The monoallelic genetic-epigenetic finding, the sequence variant, and methylation suggest a constitutive epimutation and probably a genetic-epigenetic hereditary predisposition for retinoblastoma in this family.

Keywords

RB1-promoter Sequence variant Constitutive epimutation Methylation Genetic-epigenetic predisposition

Background

Retinoblastoma (Rb) is a malignant tumor of the eye that originates from the developing retina in children <5 years of age. Its incidence is 1:15,000 to 1:20,000 live births [1]; 40 % of the cases are hereditary (10 % are due to a germline mutation in the tumor suppressor RB1gene (13q14) transmitted by one of the affected parents and 30 % are due to a de novo germline mutation). The remaining 60 % of cases are sporadic [2, 3]. The germline mutation M1 is transmitted as an autosomal dominant trait with high penetrance; 90 % of mutation carriers develop bilateral Rb, whereas the remaining 10 % are frequently asymptomatic or they show unilateral Rb (incomplete penetrance (IP)) [3]. The tumor is developed with the second mutation (M2) in somatic tissue. In 70 % of the cases, M2 is due to a loss of heterozygosity (LOH) [2, 3].

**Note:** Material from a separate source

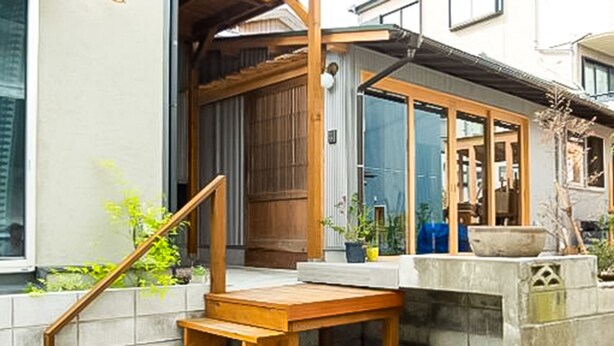 A traditional Japanese house with a wooden entrance, sliding doors, and a small garden area with plants and a wooden bench. - Trawl (Kamakura)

In the RB1 gene, a very wide range of mutations has been described in literature. Many of these mutations are cryptic, which makes their identification difficult. Haplotype analysis with polymorphic markers in the RB1 gene or on chromosome 13 is useful in determining the parental origin of the mutant chromosome, especially in cases in which the mutation has not been identified [4]. Progenitor-specific effects have been identified in patients with Rb such as preferential retention of paternal alleles in tumors and distortion in the transmission of the trait among the offspring of affected males [5, 6].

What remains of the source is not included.